The current COVID-19 pandemic has many people reeling as they adjust to life under such uncertain circumstances. Throughout it all, however, people have been coming together to help one another.
Local business Two Skirts, which opened its Main Street boutique in 2001, recently donated $7,600 to the Telluride Regional Medical Center, thanks to a two-month fundraising effort. The donation was the result of “Telluride” sweater and hat sales, which were priced at $150 and $45, respectively, as Two Skirts donated 10 percent of each purchase to the medical center while San Miguel County’s stay-at-home orders were in place. Peter Russell, a sales representative based in California, matched the 10-percent donation with Moussy jeans sales as well, generating approximately $1,000 to the cause. Liza Thornton, a former Telluride resident, also contributed.
Two Skirts managing owner Kristin Holbrook said she had “to get creative” after Colorado Gov. Jared Polis ordered that all state ski resorts shut down in mid-March. With stay-at-home orders in place, Holbrook and her neighbors, including local nurse Betsy Muennich, started a group chat and would wave to each other from their respective driveways in the evening when Muennich would be returning from work.
“She would stay inside her home to be safe, and text us the latest COVID facts and stats and ways to stay safe and answer our burning questions,” Holbrook said. “Here texts would read ‘home from work, showered the germs off, pajamas on, collapsing on the couch with the fam.’ One day she texted us that she did 521 blood draws in a day! She and some other neighbors also started a drive to collect oxygen concentrators for the breathing impaired, so I was inspired to do something as well.
Having to adapt to the public health orders, Holbrook focused on moving her business online and supporting the medical center’s COVID-19 response fund, which helps cover extra staff hours, additional staff, supplies, meals, bilingual translation efforts and communications, among other efforts. For more information, visit tellmed.org/support. Kate Wadley, the medical center’s director of philanthropy, also coordinated the fundraiser, and Holbrook happened to have a large supply of the “Telluride” sweatshirts.
“I had the idea that anyone who loves Telluride would want to support this effort with something that says Telluride. I order them in quantities of 100 in multiple colors,” Holbrooke said. “ … It was a way to generate sales for me and generate money for the fight against COVID in my town.
She added that closing unexpectedly seemed “devastating” at the moment, but she quickly refocused.
“It seemed like a win-win. I had a Telluride product to sell and a Telluride cause to support,” she said.
While the impacts of the pandemic were unexpected, the hometown support wasn’t necessarily.
“I was overwhelmed by the response,” Holbrook said. “I knew people loved Telluride, but this reaction was amazing. I was in the store at the crack of dawn everyday shipping out sweaters.

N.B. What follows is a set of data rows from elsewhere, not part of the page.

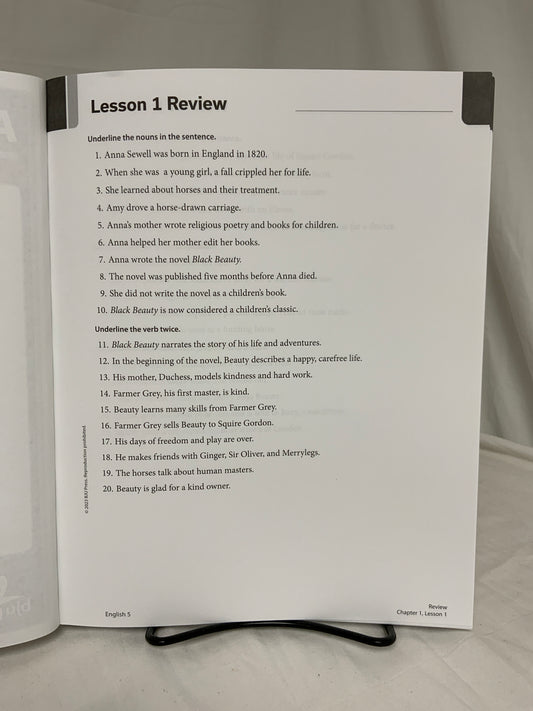 BJU English 5 (3rd Ed.) Assessments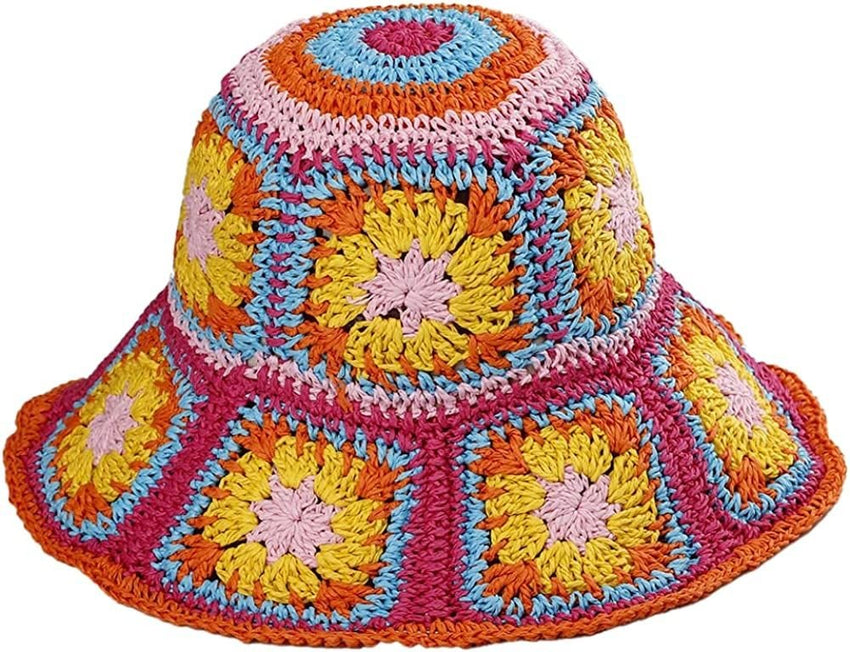 Women's Straw Sun Hat Floral Woven Bucket Hat Fishing Hat Beach Hat Hand Woven Foldable Cap - 7DAY'S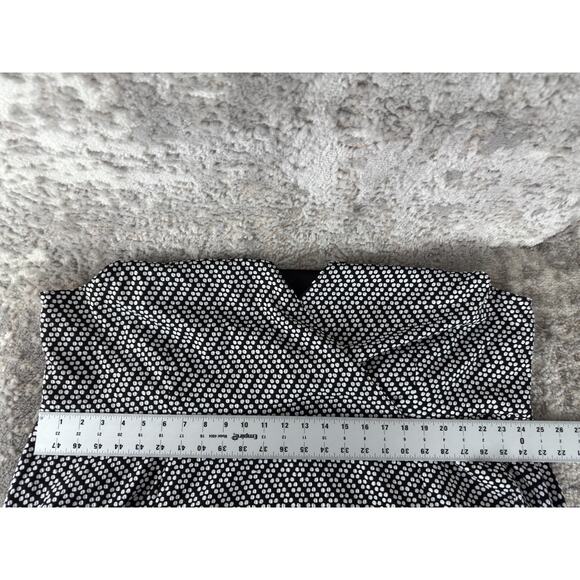 Lane Bryant Plus Sz 28 Stretch Polka Dot Faux Wrap Midi Dress Black White Lined - Picture 5 of 9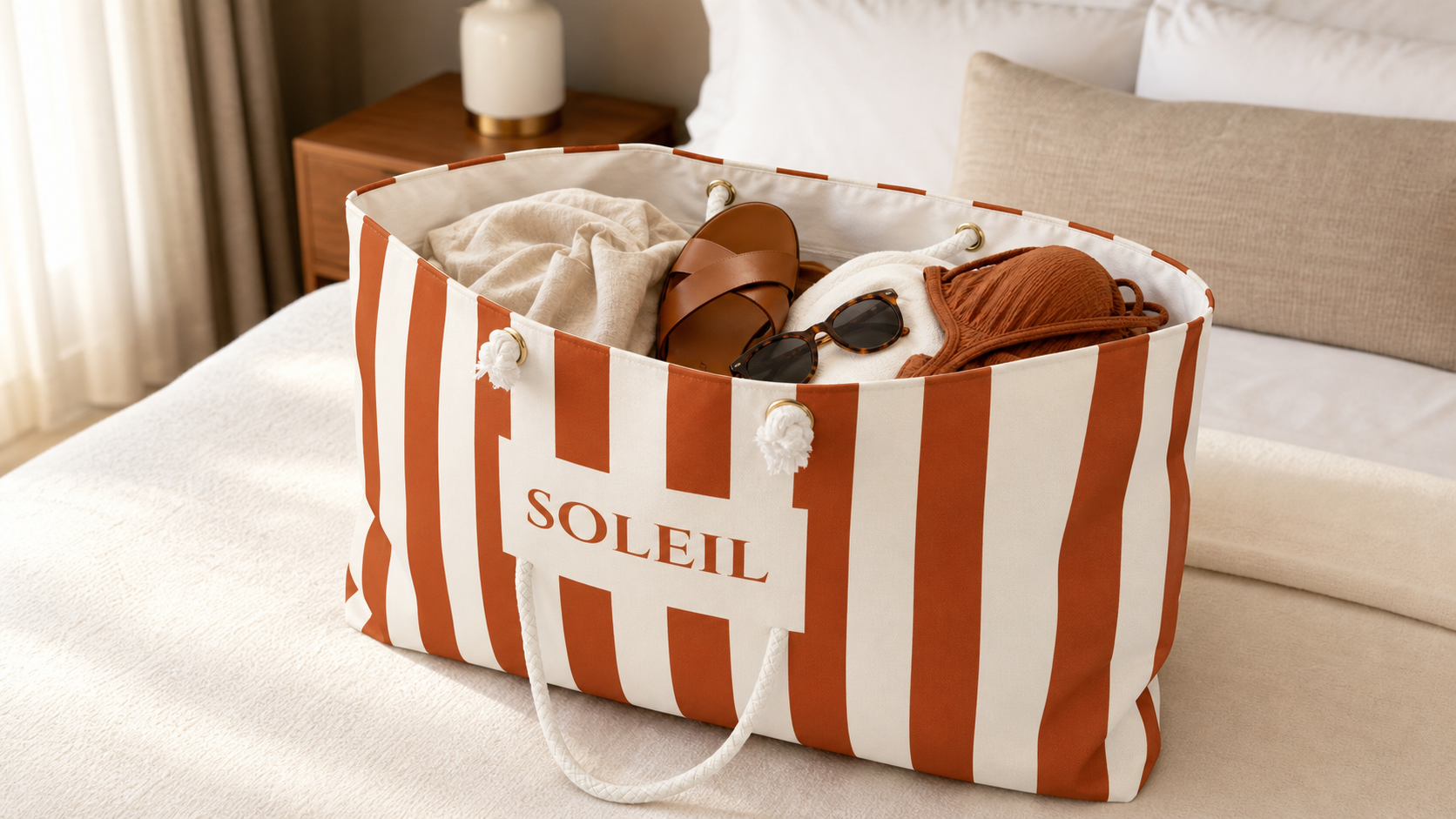 Soleil Orange Striped Weekender Tote Bag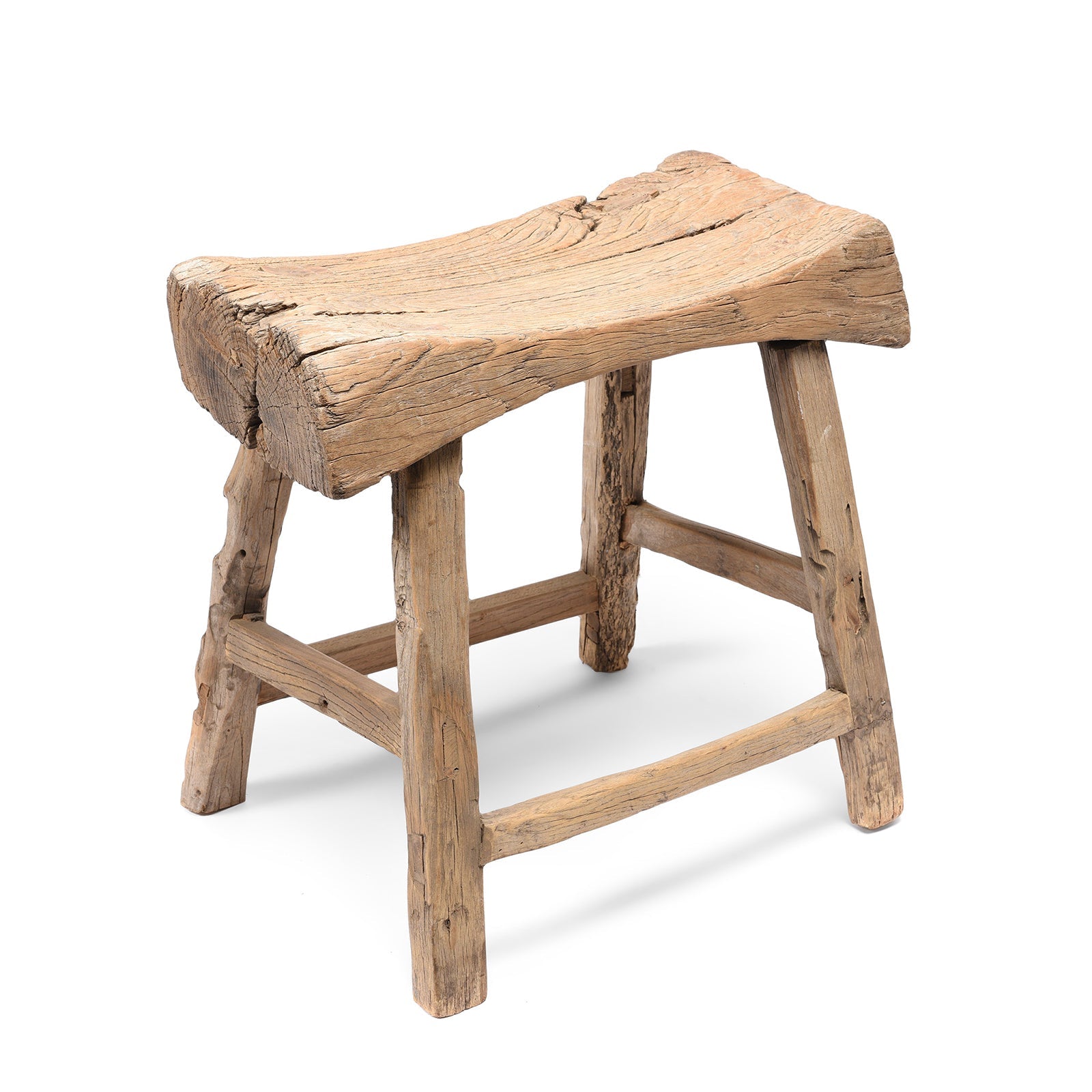 Chinese Elm Saddle Stool From Shanxi - 19thC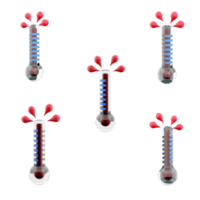 3d rendering Danger High Temperature thermometer on fire icon set. 3d render Hot weather, dangerous for humans different positions icon set. png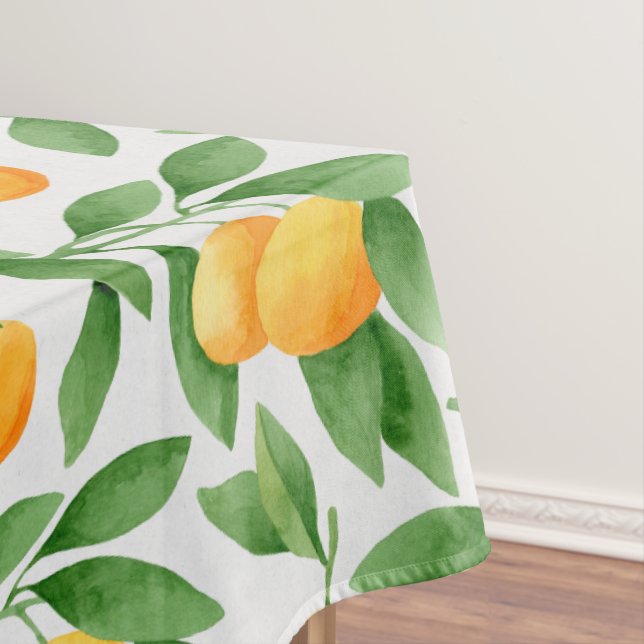 Watercolororangen- oder -Mandarinemuster Tischdecke (Beispiel)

Then I ran out, but instead of ending the fundraiser, I ordered more sweaters. Since they are custom made, the earliest I could get them was over a month out. The company, Ellsworth and Ivey, squeezed me into their next production. I had to ask customers to pre-purchase their ‘Telluride’ sweaters and they had no problem with that. And I ran out again, and put in another order for June.”
Two Skirts is slowly reopening to in-person business, like most in town, opening for a couple hours each day. Facemasks are required, Holbrook said. Appointments are also available by contacting the store. For more information, visit shoptwoskirts.com.
Two Skirts has a history of supporting the Telluride community. In 2019, the store gave over $50,000 in merchandise and monetary donations to local nonprofits. Holbrook said she’s open to organizing another sweater fundraiser if there are still needs at the medical center. The store also will be holding its annual “Clutch for a Cause” summer fundraiser, which raises money for the San Miguel Resource Center. There also plans to host a sidewalk sale once the store is fully reopened.
“I’m excited to see what the town comes up with in terms of in-street business operations for the summer,” she said. “It will be a different summer, but I think with all the local and second homeowner support we will survive it.”